John Lanchester · The Lib Dems and the Press

I don’t think I’ve ever seen anything quite like the Tory press’s onslaught on Nick Clegg over the last couple of days. One minute, the Lib Dems can’t get in the news, no matter what they do; the next minute, they’re notorious cat-stranglers. No, it’s even worse: they’re (gasp!) partly foreign! Well, sort of – Dutch mother, Russian grandfather, Spanish wife. ‘Is anything about this man British?’ yowled the Mail. It seemed a self-defeating way of putting it, since the answer is yes – he is.

The Torygraph followed up today with a thinnish-feeling item about donor’s cheques being routed through Clegg's personal accounts on their way to a researcher. This sounded more chaotic than anything else, and oversold by the paper’s coverage. The Mail returned to the fray with a story about a ‘Nazi slur’: translated out of Mail-speak, that meant Clegg had somewhere said people in Britain go on about the war a bit too much. That’s one of those thunderingly self-evident truths that no one in public life is allowed to say; I’m beginning to really warm to Thick Nick. Even the Guardian had a go, comparing his background with Cameron’s to plug the line that the two men are a very similar type of super-entitled clever public schoolboy who went into politics because they had such good connections.

The pile-on has a number of simple explanations. One is narrative arc: he’s gone up, it’s time for him to come down. Being the people who pull him down gives the papers power, and they like that.

On the right, though, the problem is much more acute. David Yelland, former editor of the Sun, wrote a candid piece about this for the Guardian. Murdoch has no ties to the Lib Dems, never makes any attempt to cultivate them, and has no ‘in’ with the party. Yelland:

Just imagine the scene in many of our national newspaper newsrooms on the morning a Lib-Lab vote has kept the Tories out of office. "Who knows Clegg?" they would say.

There would be a resounding silence.

"Who can put in a call to Gordon?" another would cry.

You would hear a pin drop on the editorial floor.

The fact is these papers, and others, decided months ago that Cameron was going to win.

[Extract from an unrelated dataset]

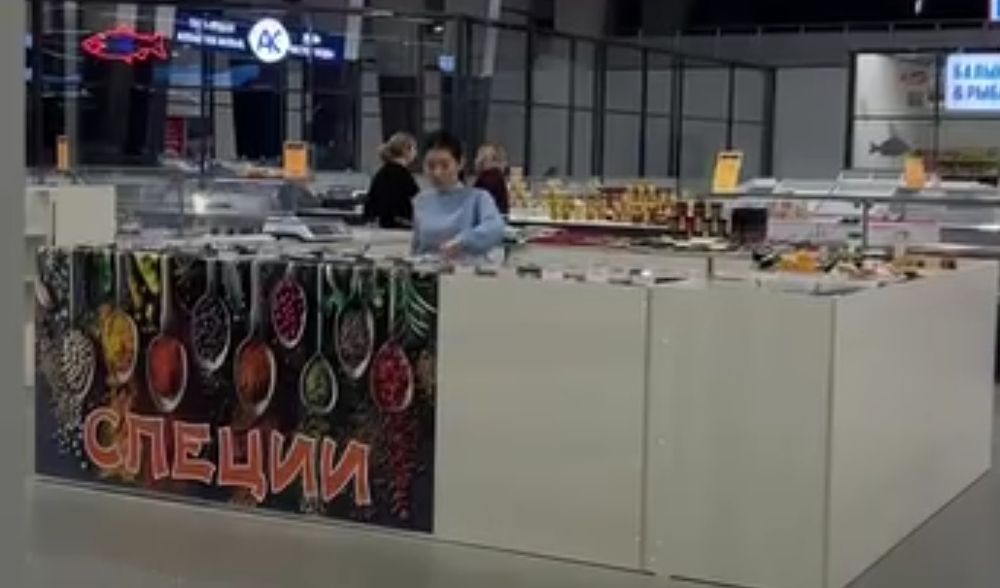 Торговый оборудование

They are now invested in his victory in the most undemocratic fashion.

If that became more widely known, it would win quite a few votes for Clegg. The other papers are in a similar position: no one bothers to cultivate the Lib Dems and therefore the party doesn’t owe anything to anybody in the press.


Comments


  • 23 April 2010 at 12:38pm
    Geoff Roberts says:
    The Mail piece also includes this stunning revelation: he also claimed Britain found it hard to accept that Germany had been a 'vastly more prosperous nation' and that 'we need to be put back in our place'. Almost makes me want to vote Lib Dem.

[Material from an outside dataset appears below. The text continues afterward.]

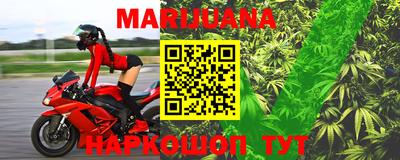 2c-b Малгобек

    Read more: http://www.dailymail.co.uk/news/election/article-1267921/GENERAL-ELECTION-2010-Nick-Clegg-Nazi-slur-Britain.html#ixzz0lvUm6G8D

  • 23 April 2010 at 3:36pm
    pinhut says:
    Andrew Sullivan picked up on the supposed 'Nazi slur', at once showing that 1) it was nothing but common sense, and 2) that he continues to know absolutely nothing about British politics or the mindset of most British people.

    The worrying thing is that the Lib Dems are being painted as interlopers and are a mainstream political party. It shows how closed things are at the top. Now, how long before they work 'terrorist' into one of these smears.